Rainy Cain is the book’s troubled but tough narrator, a 17-year-old high school senior with an advanced master’s degree in survival skills. Things jump around a bit timewise before Rainy settles into a very rough groove, made more so by the appearance of a ghost from a past she never had. The shade is named Sam, and he is the father Rainy has never known. Rainy has no knowledge of Sam, believing him to have been long dead. He actually has been in prison serving time for his participation in an armored car robbery that went very wrong.
"BLOOD HIGHWAY is a bit like a carnival funhouse.... The book as a whole seems at times to be a collaborative effort between Elmore Leonard and Joan Didion, which isn’t as impossible as you might think."

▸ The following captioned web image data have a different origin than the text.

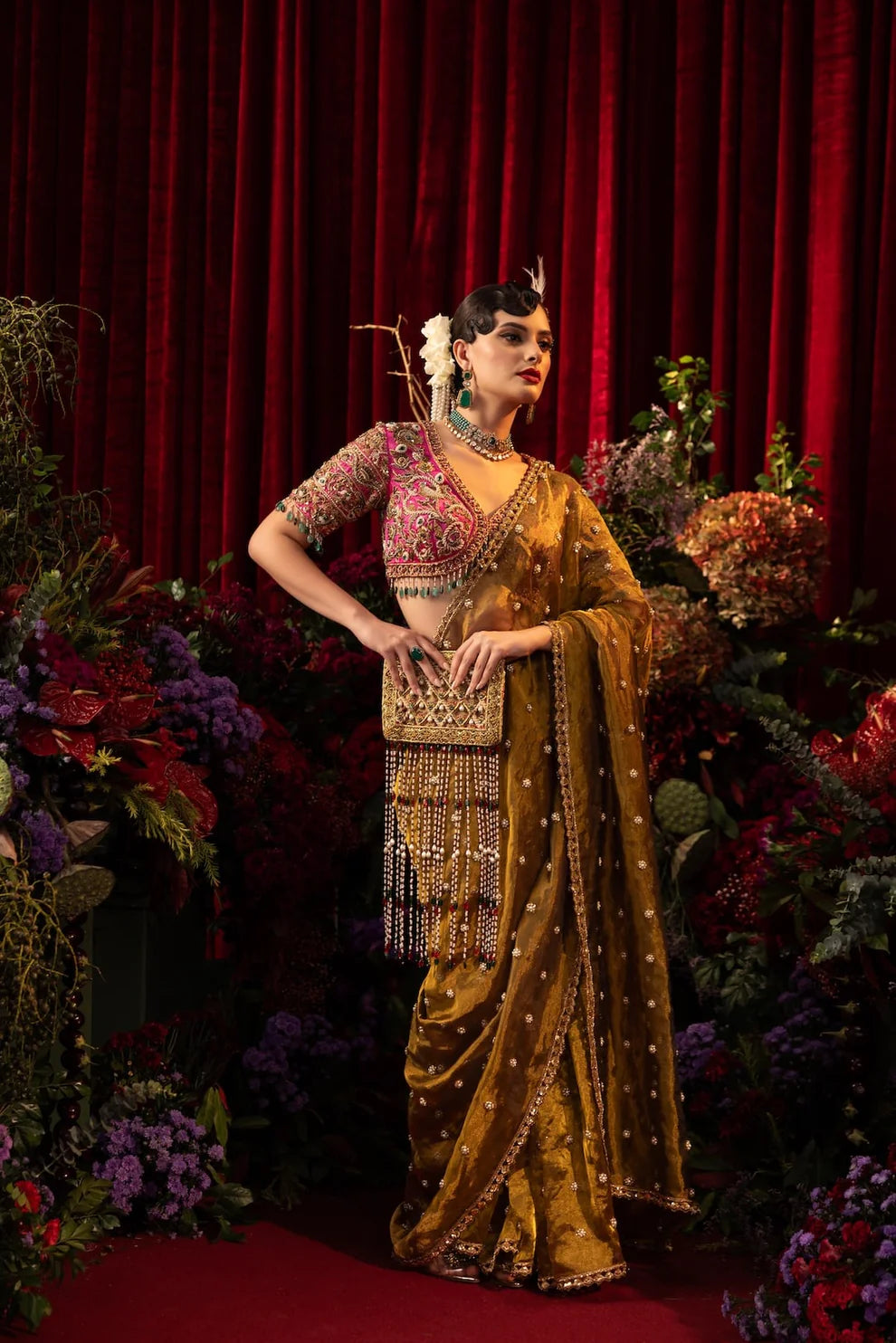 Elma Saree Set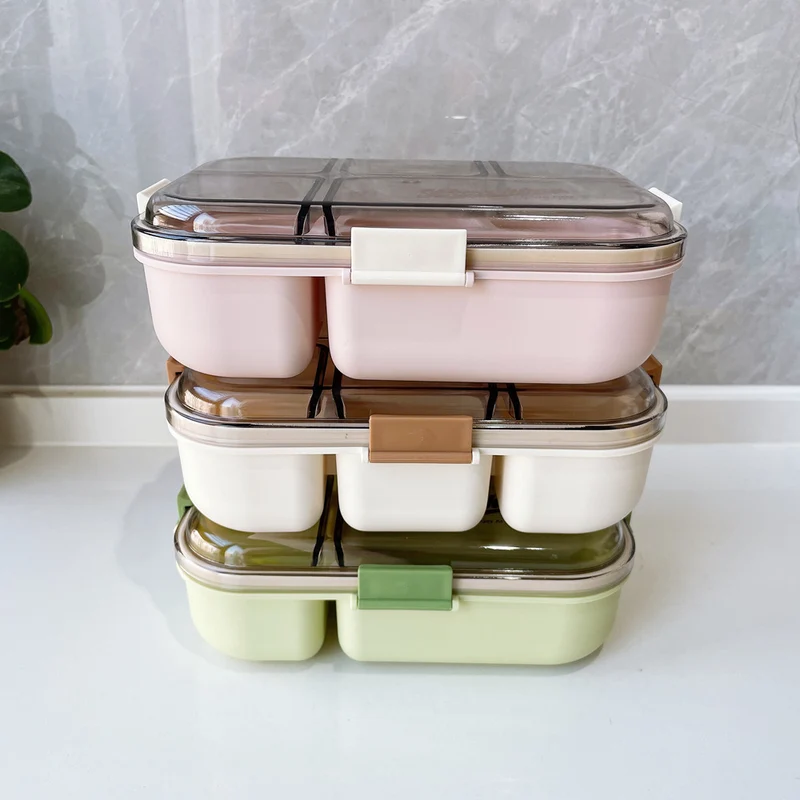 Multi-Compartment Lebensmittelaufbewahrung Bento-Container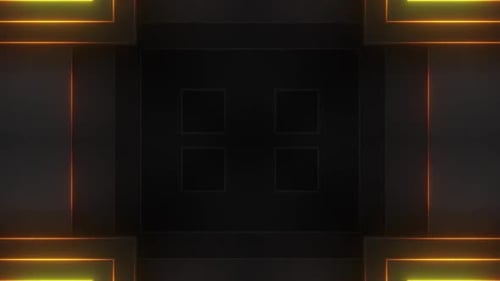 Symmetrical abstract dark design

Sam escapes and immediately kidnaps the daughter he has never known. Accompanied by a brooding, taciturn and very dangerous cohort known as “Johnny Blue,” Sam transports Rainy from slushy Minneapolis west to northern California. He is convinced that Rainy’s mother had stashed the proceeds from the ill-fated heist there and shared the location with Rainy.

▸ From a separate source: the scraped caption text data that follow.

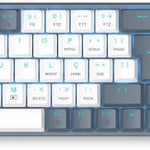 Redragon BS-8772 94key Low Profile Combo Dual-Mode Keyboard & Mouse Grey/White thumbnail 4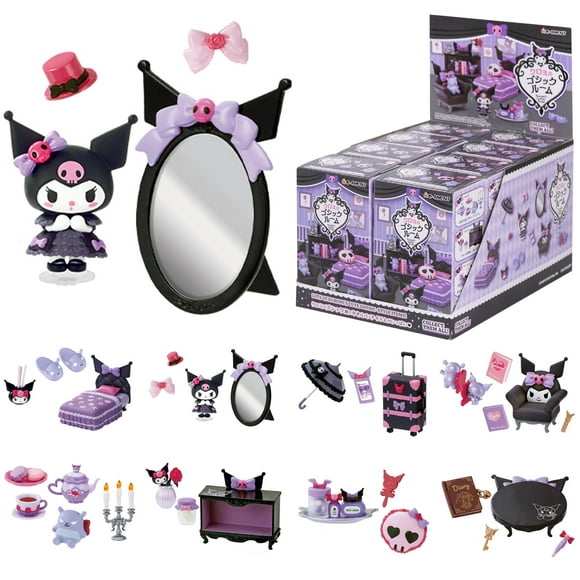 Set de Miniaturas Hamee Re-Ment Hello Kitty y Amigos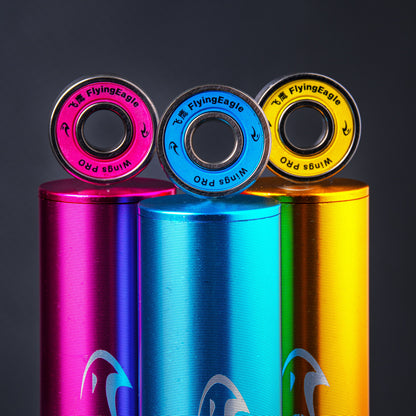 FlyingEagle WINGS PRO ABEC 9 bearings, minimal friction design for smooth and fast skating performance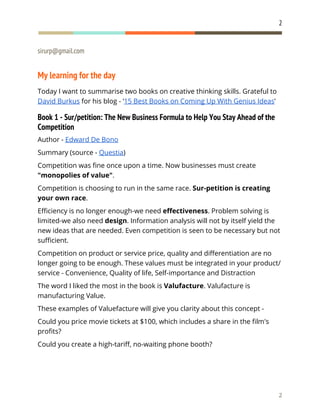 Day 43   creative thinking skill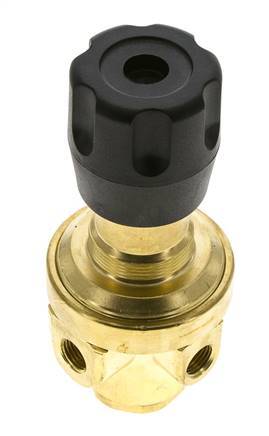 Drukregelaar G1/4'' 490l/min 0.2-3.0bar/3-44psi Messing CO2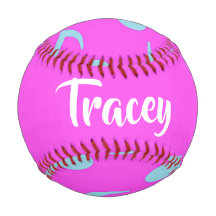 Notas musicales azules sobre rosa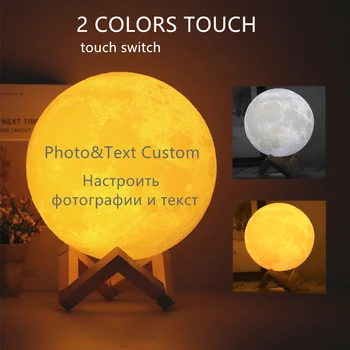 

Photo/text custom moonlight LED night light creative touch switch moonlight, used for bedroom decoration birthday gift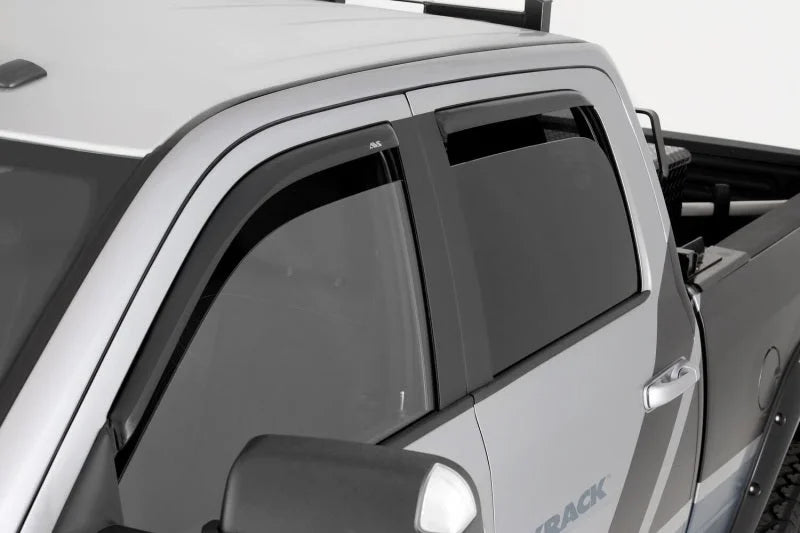 AVS 22-23 Toyota Tundra Ext. Cab/DC Ventvisor Front & Rear Window Deflectors 4pc - Smoke - Side View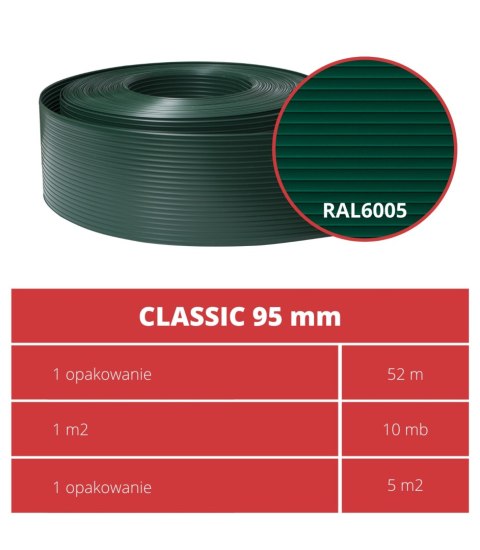 Taśma ogrodzeniowa 52mb Thermoplast® CLASSIC LINE 9,5cm ZIELONA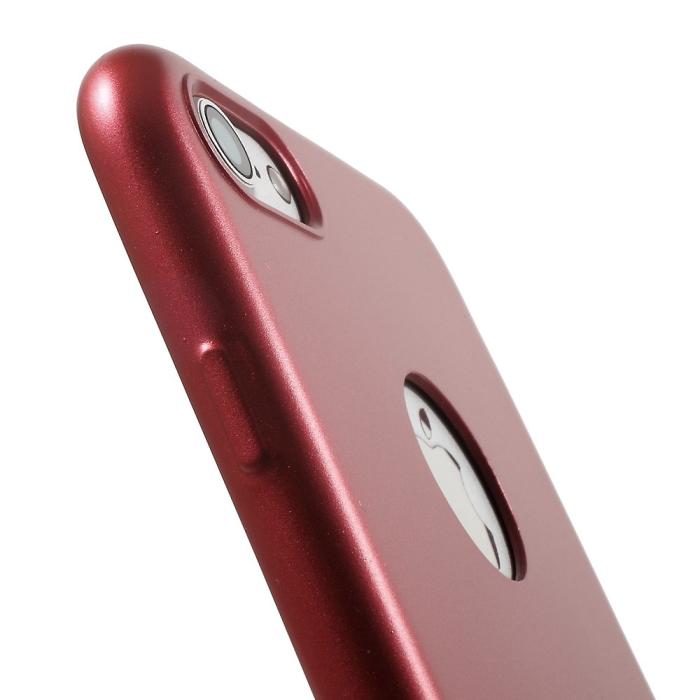 OEM - Tunt Flexicase Mobilskal till iPhone 7 Plus - Röd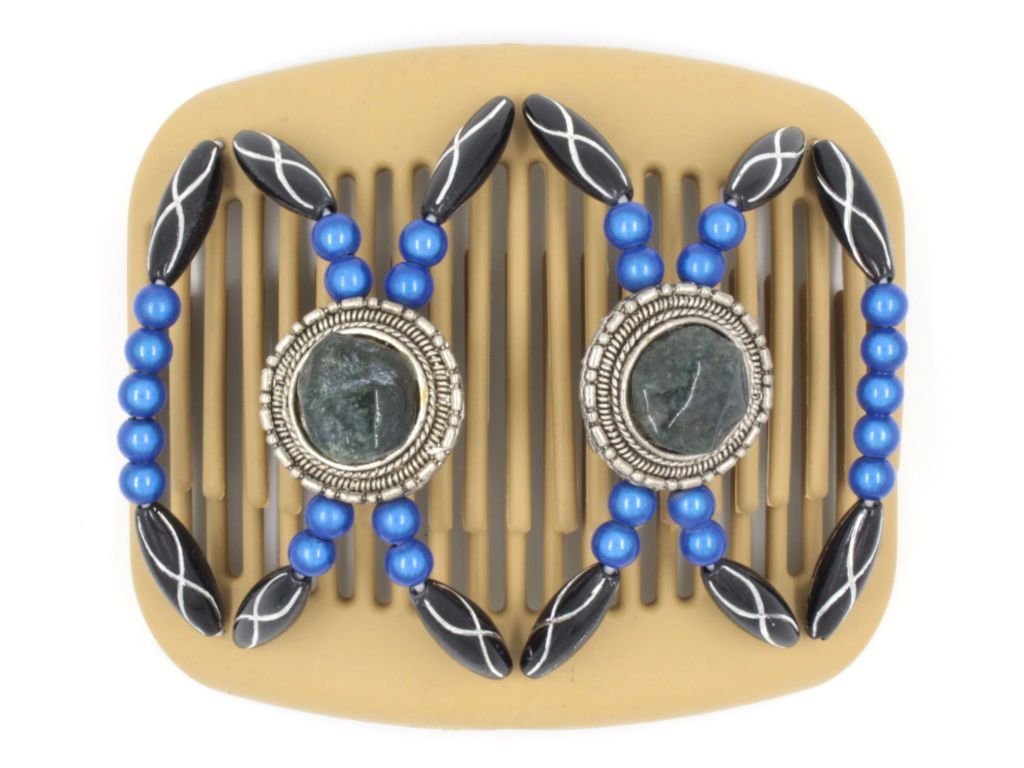 African Butterfly Hair Comb - Gemstone Blonde 13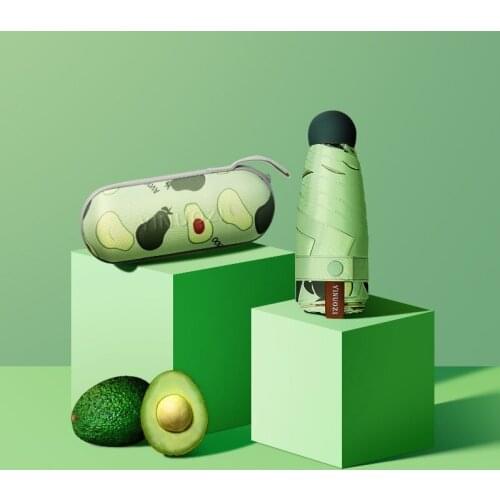 Fruit Capsule Sun Umbrella Girlfriend Sunscreen Anti Ultraviolet Sunshade Folding Sunny Umbrella Mini Lightweight Portable
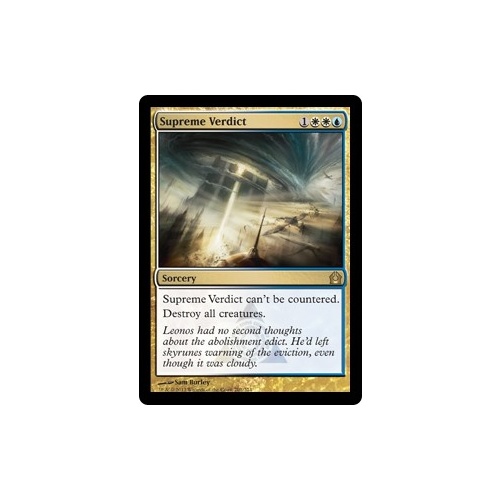 Supreme Verdict - RTR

Meanwhile, Blaine, a Minneapolis cop whose background is not dissimilar to Rainy’s, is in pursuit with the intent of bringing her home. He doggedly follows the vague trail the involuntary trio is leaving. It is Blaine who is just behind Rainy in the competition to determine who is BLOOD HIGHWAY’s most complex character. We don’t know a lot about Blaine, at least at first, but Wohlsdorf drops an occasional hidden breadcrumb or two throughout the narrative to give the reader a what and maybe a why behind Blaine’s deeper motivations for what he does. The question that haunts throughout a good deal of the book is how much or how little Rainy knows, and how she can leverage her knowledge --- or lack thereof --- to get her out of the situation alive (at the very least).

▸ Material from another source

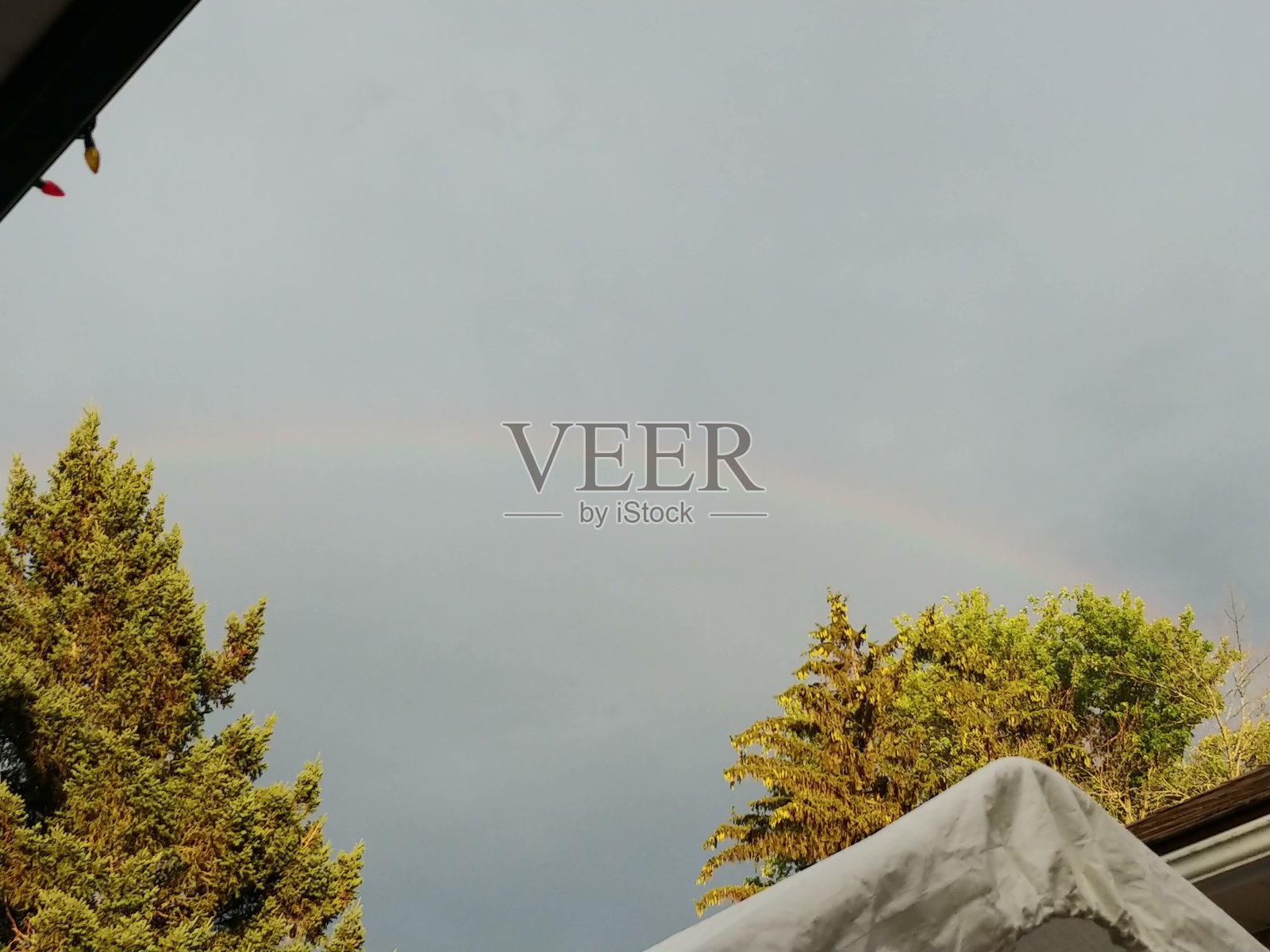 暴雨中的彩虹照片摄影图片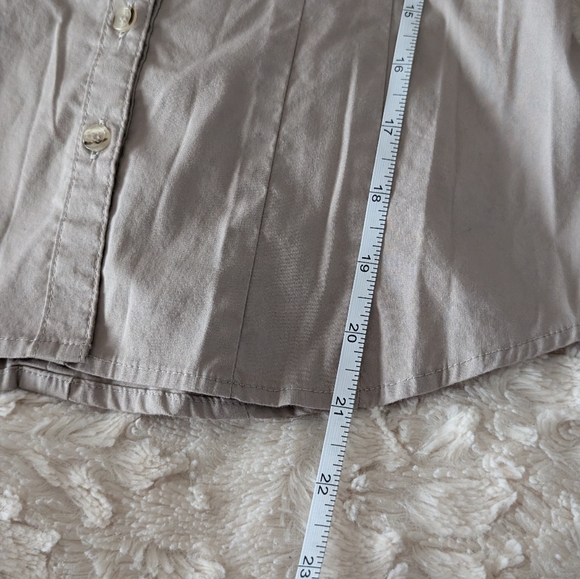 H&M button up 3/4 sleeve size 4 top - Picture 6 of 8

BLOOD HIGHWAY is a bit like a carnival funhouse. I’m thinking particularly of the room where the floorboards keep shifting as you walk through it. You might think while reading it that you have an idea as to what is going on. Everything then shifts, just a bit, not enough to knock you over but sufficient to keep you unbalanced or at least in anticipation of it. Rainy, as is demonstrated in the book’s early pages, is a survivor of long-standing. Wohlsdorf provides all sorts of urban survival tactics, such as restaurant table diving and shopping at department store lost-and-founds. The elders among us might not have the urge to do such things, but the temptation can be strong, though not enough to engage if such is not born of necessity.
While the soundtrack to the story’s interior might be Fleetwood Mac’s Rumors, I kept hearing the spirit of Horses by Patti Smith playing in my head. The book as a whole seems at times to be a collaborative effort between Elmore Leonard and Joan Didion, which isn’t as impossible as you might think. BLOOD HIGHWAY may be more of a young adult novel than its predecessor, but it is intriguing as well as unsettling for both demographics. Check it out.